Llama, Mistral, Qwen: Choosing Your On-Premises LLM Without Losing a Week

By January 2026, the local LLM scene had become a victim of its own success. Every week, a new model family—Mistral, Phi, Llama, DeepSeek, Qwen—would drop a new variant. For the enterprise CTO trying to build a self-hosted AI lab, this led to a specific kind of "choice paralysis."

You could easily lose a week just benchmarking models that were already obsolete by Friday.

I spent most of 2025 in that experimentation cycle. I’ve tested nearly every major open-source family. If you're looking to cut through the noise and build a production-grade local stack on AMD hardware, here is exactly what we learned.

The "Ollama Era" and the iGPU Ceiling

In the early days of our Kubernetes cluster, we relied heavily on Ollama. It was (and is) a fantastic tool for getting models running quickly on consumer hardware. We ran our models on the iGPUs of our AMD mini-PCs.

But we hit a ceiling. Because of the way Kubernetes handles iGPU passthrough, we were forced to dedicate the iGPU to only one container per node. With a six-node cluster, we were limited to six concurrent models. We could run Llama 3 for early agent experiments, but it never felt quite right—it lacked the speed and "reasoning depth" of the cloud models we were trying to replace.

The breakthrough came when we moved beyond Ollama and onto Lemonade Server.

Lemonade allowed us to break through the iGPU ceiling. Suddenly, we were able to run much larger 20B and 30B models across our nodes with significant improvements in Time To First Token (TTFT) and Tokens Per Second (TPS). The hardware didn't change, but the orchestration did.

The Winning Stack: January 2026 Edition

After months of rework and "learning the domain space" the hard way, we settled on a three-tier model stack that finally matched (and sometimes beat) the performance of Claude 3.5 Sonnet and GPT-4o for our specific workloads.

1. The Reasoning Engine: GPT OSS 20b

For general-purpose reasoning, we stopped worrying about token efficiency and started prioritizing "depth." Reasoning-heavy models beat out non-reasoning variants hands-down when you aren't paying by the token. GPT OSS 20b became our default for complex task planning and behavioral guidance.

2. The Coding Powerhouse: Qwen3 Coder 30b A3B Instruct

For coding, the Qwen3 family is the clear winner in early 2026. The 30b A3B Instruct model, running on Lemonade, provides a level of autonomous coding capability that allows tools like Zencoder to execute multi-file refactors with minimal human intervention.

3. The RAG Stack: QDrant + BGE + Qwen3 4b

Retrieval Augmented Generation (RAG) is only as good as its retrieval. We moved away from "all-in-one" solutions and built a specialized stack:

Vector Store: QDrant
Reranking: BGE Reranker
Embeddings: Qwen3 4b Embedding model

flowchart TD
    A[User Request] --> B{Reasoning Engine\nGPT OSS 20b}
    B --> C[Coding Task]
    B --> D[Information Search]
    C --> E[Qwen3 Coder 30b]
    D --> F[RAG Stack\nQDrant/BGE/Qwen3 4b]
    E --> G[Output]
    F --> G
    
    style B fill:#1e1e2e,stroke:#eab308
    style E fill:#1e1e2e,stroke:#eab308
    style F fill:#1e1e2e,stroke:#eab308

The "AMD Secret" and the Documentation Trap

If there is one piece of advice I can give to anyone starting this journey: don't trust the public documentation.

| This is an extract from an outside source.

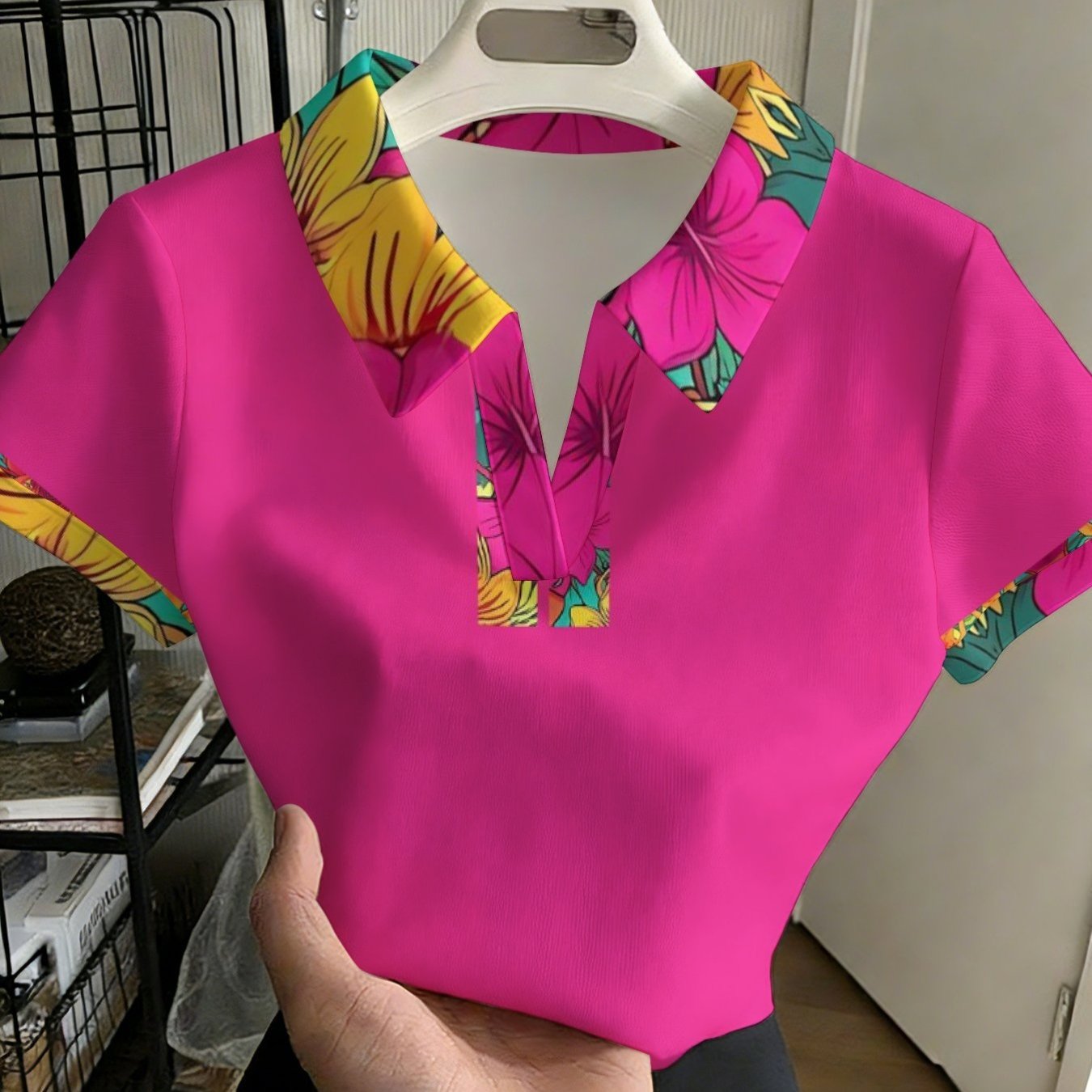 TEMU 【商品名】レディース 多用途 ボタンレス ポロシャツ、レッドピンク パープル 花柄デザイン（とピンク）、レッドピンク パープル レッド イエロー テキスタイル ピンク モチーフ グラフィック、ファッショナブル 多用途 カジュアル トップ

One of the biggest hurdles we faced wasn't the technology—it was the obfuscation. AMD, for reasons known only to them, tends to hide their best AI work from the general public. Public-facing docs on how to optimize self-hosted models for Ryzen AI hardware are notoriously unreliable and often outdated.

Progress was slow until I joined the AMD Developer Program. Only after gaining access to restricted documentation—documents clearly not meant for general consumption—did we finally understand how to unlock the true potential of the NPUs and GPUs on our nodes.

If you are struggling to get performance out of your AMD-based AI lab, stop searching Google. Get into the developer program. The real answers are behind the curtain.

Summary: Stop Benchmarking, Start Building

If you want to stop losing weeks to model selection, here is the January 2026 shortcut:

Move from Ollama to a more robust orchestrator like Lemonade Server once you hit the iGPU limit.
Standardize on GPT OSS 20b for reasoning and Qwen3 Coder 30b for code.
Invest in a dedicated RAG stack (BGE/QDrant) rather than relying on the LLM's raw context window.
Get your hands on the real hardware documentation.

The transition from "AI experiment" to "AI department" happens the moment you stop treating the LLM as a magic black box and start treating it as a governed part of your infrastructure.

40+ years in engineering have taught me that documentation is often a marketing artifact, not a technical one. In the AI era, that's more true than ever. If you want to move fast, find the people who are actually running the hardware in production.